───── MATERIAL PROVIDED

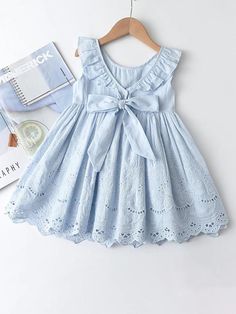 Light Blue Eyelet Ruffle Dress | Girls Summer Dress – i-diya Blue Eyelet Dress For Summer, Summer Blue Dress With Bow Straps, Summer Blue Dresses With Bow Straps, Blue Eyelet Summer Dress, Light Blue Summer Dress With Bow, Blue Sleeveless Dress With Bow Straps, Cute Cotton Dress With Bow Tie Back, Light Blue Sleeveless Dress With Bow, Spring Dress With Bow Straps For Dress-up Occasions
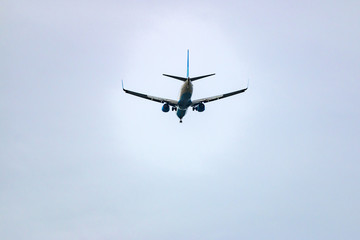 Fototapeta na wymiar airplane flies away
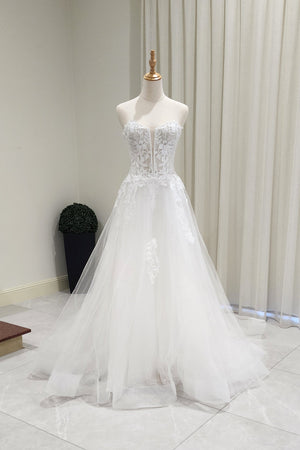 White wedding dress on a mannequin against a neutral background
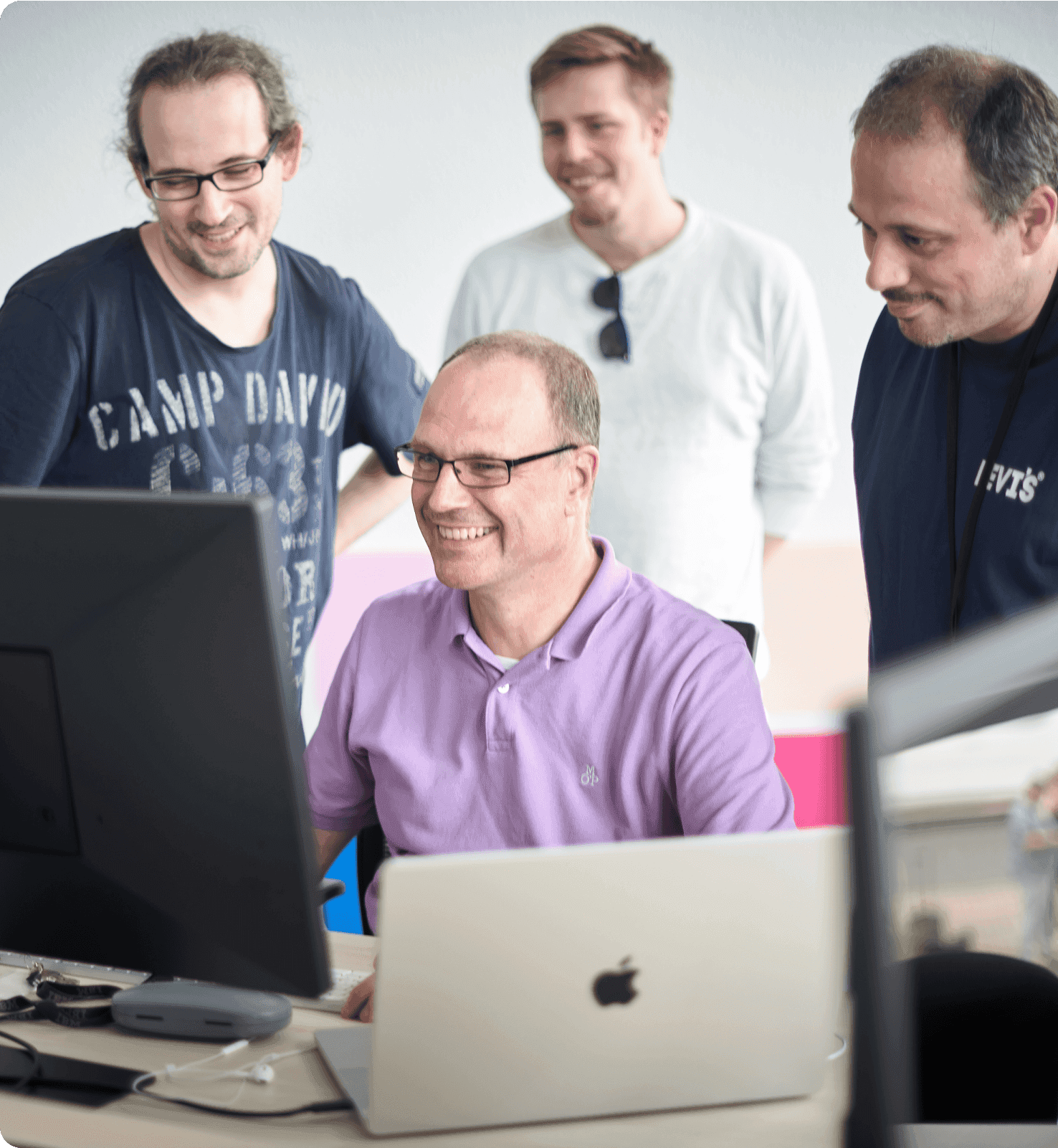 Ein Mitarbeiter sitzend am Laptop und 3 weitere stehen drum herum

──────────
───── MATERIAL PROVIDED

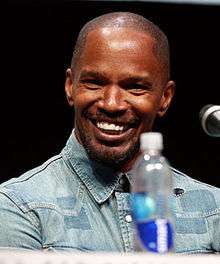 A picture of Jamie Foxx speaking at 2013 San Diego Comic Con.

──────────
───── MATERIAL PROVIDED

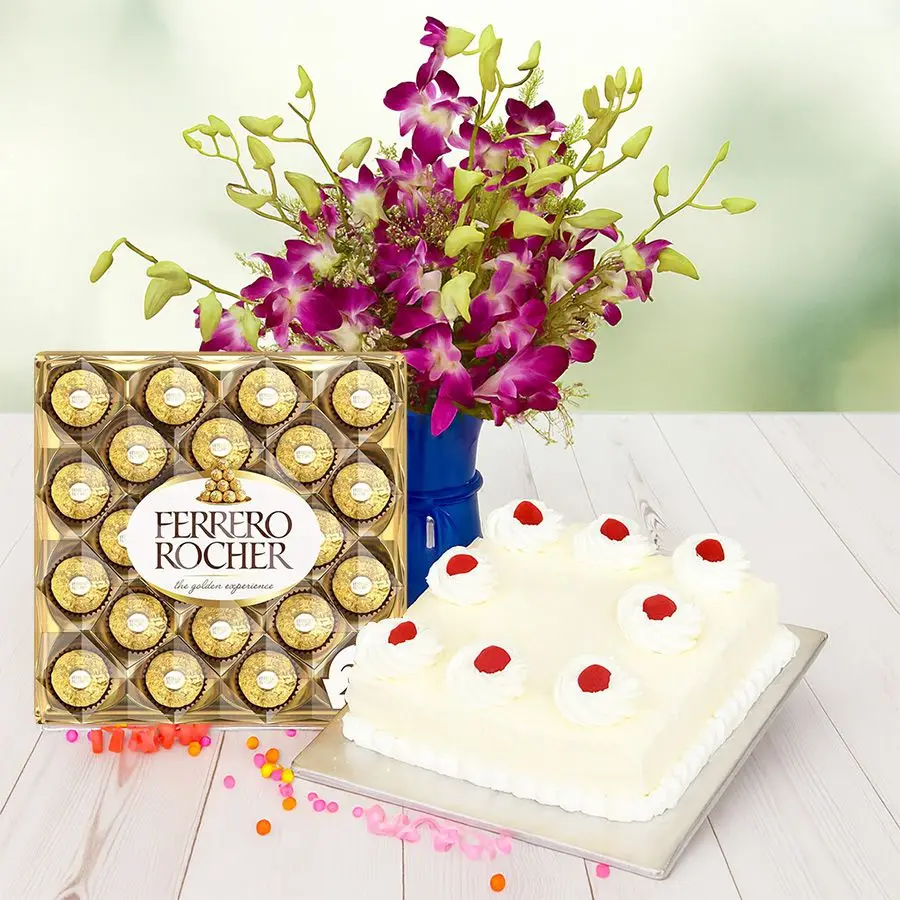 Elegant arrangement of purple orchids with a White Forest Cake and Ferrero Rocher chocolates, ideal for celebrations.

──────────

• EXERCISE: Starting at the line containing "Light Blue Eyelet" and finishing at the line containing "Fototapeta na wymiar airplane flies away", return those lines exactly as they appear above, without the pictures.

• WRITTEN ANSWER:
 Light Blue Eyelet Ruffle Dress | Girls Summer Dress – i-diya Blue Eyelet Dress For Summer, Summer Blue Dress With Bow Straps, Summer Blue Dresses With Bow Straps, Blue Eyelet Summer Dress, Light Blue Summer Dress With Bow, Blue Sleeveless Dress With Bow Straps, Cute Cotton Dress With Bow Tie Back, Light Blue Sleeveless Dress With Bow, Spring Dress With Bow Straps For Dress-up Occasions
 Fototapeta na wymiar airplane flies away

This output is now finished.